EXERCISE INSTRUCTIONS -
Print all the data that follows exactly, images excluded.

RECORDS TO PROCESS -
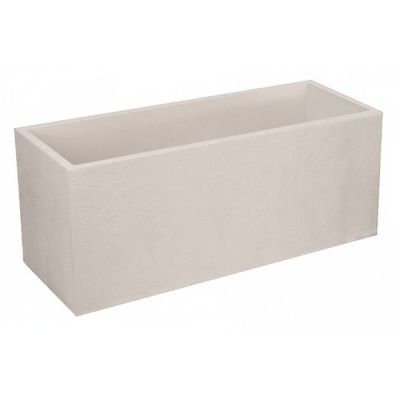 une photo d'une jardinière blanche posée sur une table blanche
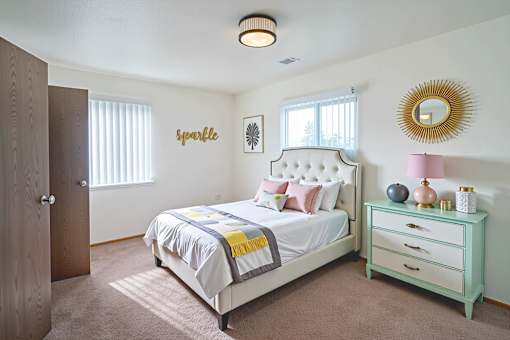 A bedroom with a bed, nightstand, and a mirror on the wall.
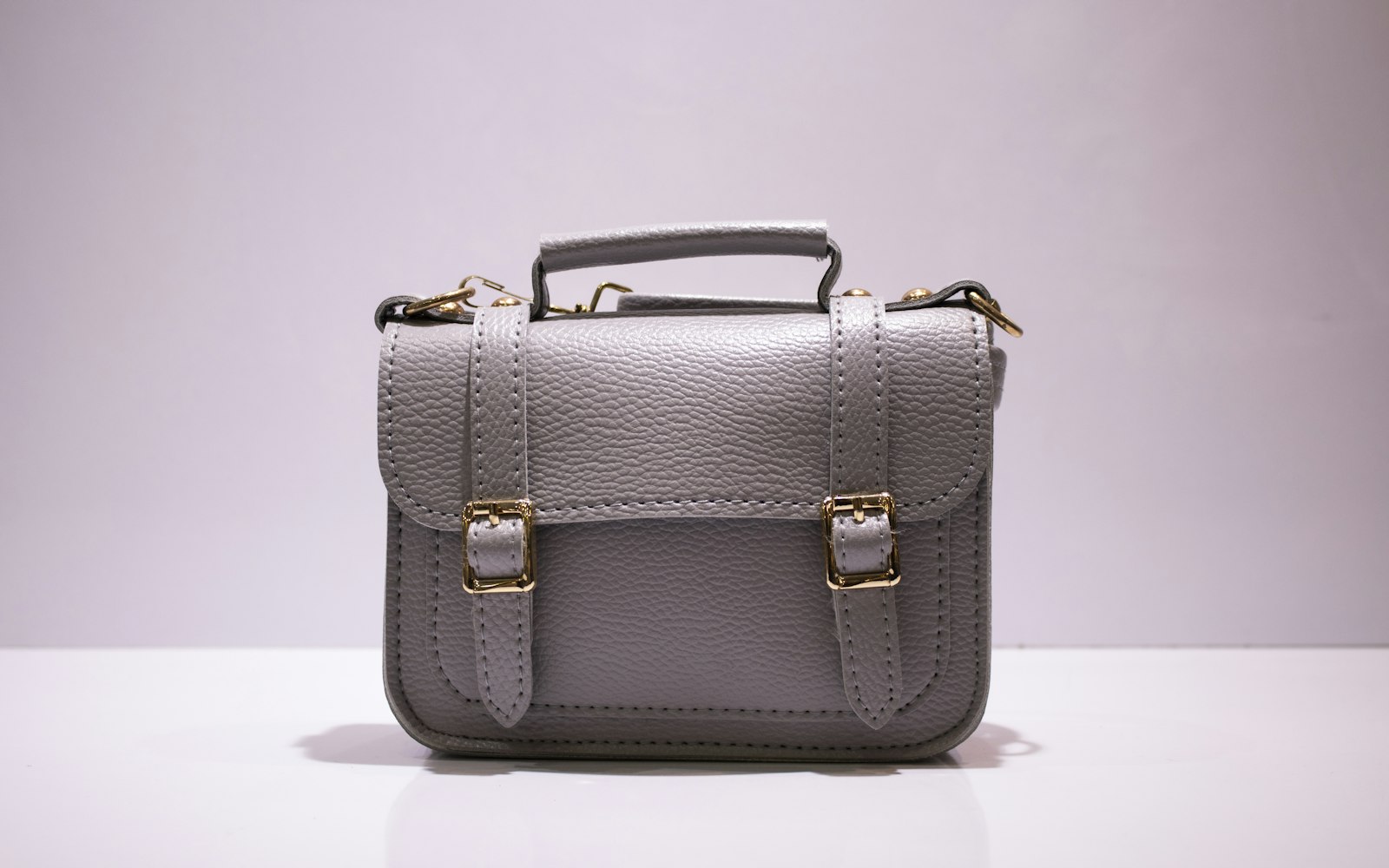 Grey leather satchel bag on a pink background
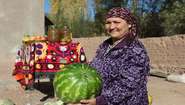 Eine Frau zeigt eine große Wassermelone, Tadschikistan 2021.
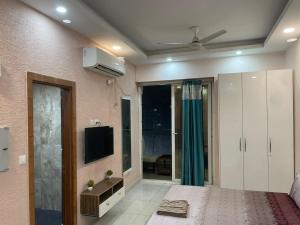 a bedroom with a bed and a tv at StayVerse74 in Noida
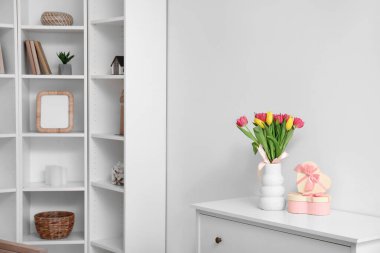 İçinde laleler ve hediye kutuları olan vazolar oturma odasında klozette. Uluslararası Kadınlar Günü kutlamaları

SOLUTION TO THIS PROBLEM -
 une photo d'une jardinière blanche posée sur une table blanche
 A bedroom with a bed, nightstand, and a mirror on the wall.
 Grey leather satchel bag on a pink background
 Eine Frau zeigt eine große Wassermelone, Tadschikistan 2021.
 a bedroom with a bed and a tv at StayVerse74 in Noida
 İçinde laleler ve hediye kutuları olan vazolar oturma odasında klozette. Uluslararası Kadınlar Günü kutlamaları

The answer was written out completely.